There is a lot in China’s ambitions to be a serious worry, but no reason to lose confidence in ourselves.  The front windows of totalitarian governments, which dazzle the passer-by conceal some very shabby back rooms.  Because of this such systems do not have long lives.     At the start of the last century Communism and Fascism were seen by many as the answer to the faults of democracy, but at the end of the century only the messy, argumentative democracies still existed.

There are some grave weaknesses in the totalitarian system which are not conducive to a long life.  The first, more clearly evident in China than its nineteen-thirties predecessors, is that it is frightened of its own people.  Its claims of enthusiastic and unwavering backing are belied by its jittery attitude to even minor risks. In 2008, to stand at the roadside to watch the Olympic torch pass required a ticket from the authorities.  During the recent Party Congress in Beijing rear-window handles were reported to have disappeared from taxis, presumably to prevent the disaffected from shouting or throwing out subversive literature while passing Tienanmen Square.

Those are trifles but they reveal an important difference from elected governments.  Unlike the democracies totalitarian governments must at all times project a gleaming unmarked surface of success.  Even the tiniest scratch on their immaculate paintwork is evidence of weakness, of vulnerability.  China’s rulers are well aware of the underlying fragility of their system.  That is why this people’s government spends $US216 billion every year on domestic security, three times more than  a decade ago and more than it spends on the Chinese armed forces.  That is not the action of a government confident of its popular support.

Another weakness is even graver. It has brought down all of the preceding totalitarian experiments. Government by decree has no repair kit to deal with the accumulating errors of life.  The democracies can and sometimes do make a series of mistakes but they can apply a patch or two, perhaps change the government, and drive on.  The fearless leader of an absolutist regime cannot admit mistakes because by definition he cannot make them.  If he is able as well as fearless he can deal with short-term problems briskly and if necessary  ruthlessly, which is why some see Xi Jinping’s way as more effective than the argumentative democracies with a noisy press.     

Over time, though, a dictator’s judgments will sometimes be wrong and possibly disastrous and there is no-one to dare argue with him, to tell him to take another path.  Xi’s aggressive foreign policy is beginning to form a Western coalition against him.  It could over time prove a fatal flaw but if not some other fault will in time bring him down, because he does not have to consider the range of alternatives that in a messy democracy enables corrective action to be taken in good time.

The working of these facts in history tells us that totalitarian governments like China are not built for the long haul. They are designed for a sprint rather than a marathon.  It helps to keep this in mind but even so a lot of damage can be done in a sprint, as the Nazis showed in the nineteen-thirties.  In another of the eerie echoes of that time Taiwan is looming like another Czechoslovakia.
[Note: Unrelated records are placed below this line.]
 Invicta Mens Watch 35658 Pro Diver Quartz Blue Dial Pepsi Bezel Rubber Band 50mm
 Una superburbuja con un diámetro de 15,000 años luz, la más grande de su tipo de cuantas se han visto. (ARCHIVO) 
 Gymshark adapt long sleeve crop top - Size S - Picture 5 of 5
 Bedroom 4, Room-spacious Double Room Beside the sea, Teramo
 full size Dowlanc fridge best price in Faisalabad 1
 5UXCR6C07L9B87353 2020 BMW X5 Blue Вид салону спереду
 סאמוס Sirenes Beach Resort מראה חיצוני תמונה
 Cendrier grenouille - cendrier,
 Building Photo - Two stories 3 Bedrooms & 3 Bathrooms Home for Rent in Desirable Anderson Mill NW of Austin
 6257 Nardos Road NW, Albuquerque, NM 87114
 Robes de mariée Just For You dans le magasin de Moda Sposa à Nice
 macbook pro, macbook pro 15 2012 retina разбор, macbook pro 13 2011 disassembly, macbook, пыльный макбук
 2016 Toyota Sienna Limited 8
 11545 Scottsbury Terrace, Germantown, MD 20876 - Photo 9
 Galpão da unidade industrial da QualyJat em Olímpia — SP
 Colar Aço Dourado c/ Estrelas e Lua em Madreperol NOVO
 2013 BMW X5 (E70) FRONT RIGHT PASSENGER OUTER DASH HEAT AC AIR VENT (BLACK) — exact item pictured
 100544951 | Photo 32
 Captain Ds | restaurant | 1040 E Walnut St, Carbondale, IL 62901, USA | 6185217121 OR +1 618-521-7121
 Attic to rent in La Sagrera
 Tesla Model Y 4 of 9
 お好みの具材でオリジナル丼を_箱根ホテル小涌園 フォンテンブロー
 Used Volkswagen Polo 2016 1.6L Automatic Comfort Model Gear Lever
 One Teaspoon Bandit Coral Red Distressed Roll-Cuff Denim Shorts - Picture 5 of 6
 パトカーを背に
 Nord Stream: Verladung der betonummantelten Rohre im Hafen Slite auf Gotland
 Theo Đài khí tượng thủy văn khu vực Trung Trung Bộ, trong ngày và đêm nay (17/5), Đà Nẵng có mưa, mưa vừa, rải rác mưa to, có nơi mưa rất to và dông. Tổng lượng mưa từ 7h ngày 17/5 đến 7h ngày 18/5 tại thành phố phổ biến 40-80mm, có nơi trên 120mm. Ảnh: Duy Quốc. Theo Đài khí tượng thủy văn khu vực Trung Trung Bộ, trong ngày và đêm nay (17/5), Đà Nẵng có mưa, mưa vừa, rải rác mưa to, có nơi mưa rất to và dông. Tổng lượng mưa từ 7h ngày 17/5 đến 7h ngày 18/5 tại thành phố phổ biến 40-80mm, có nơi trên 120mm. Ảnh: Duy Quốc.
Taiwan has been generally regarded as a part of China, but the understanding reached with Beijing when Western diplomatic relations were renewed was that any reunion would be peaceful. That worked well for decades and Taiwan’s deepening economic relationship with the mainland suggested that a voluntary amalgamation was increasingly likely.

President Xi’s action in tearing up the timetable for the reunion with Hong Kong cut the ground from beneath those in Taiwan who wanted the same.  At present there seems only a tiny minority who wish to rejoin the motherland, or who even see it any longer as the motherland.  The President’s response has been to fall back on force, saying that Taiwan must be brought back by 2049 and his military build-up, with increasing flights into Taiwan’s airspace, underlines this.

Suddenly war seems possible in the North Pacific and democratic governments have to puzzle over what they would do about it.  In 1938 the West thought it best to abandon Czechoslovakia.  Will we decide that it is safest to do the same with Taiwan?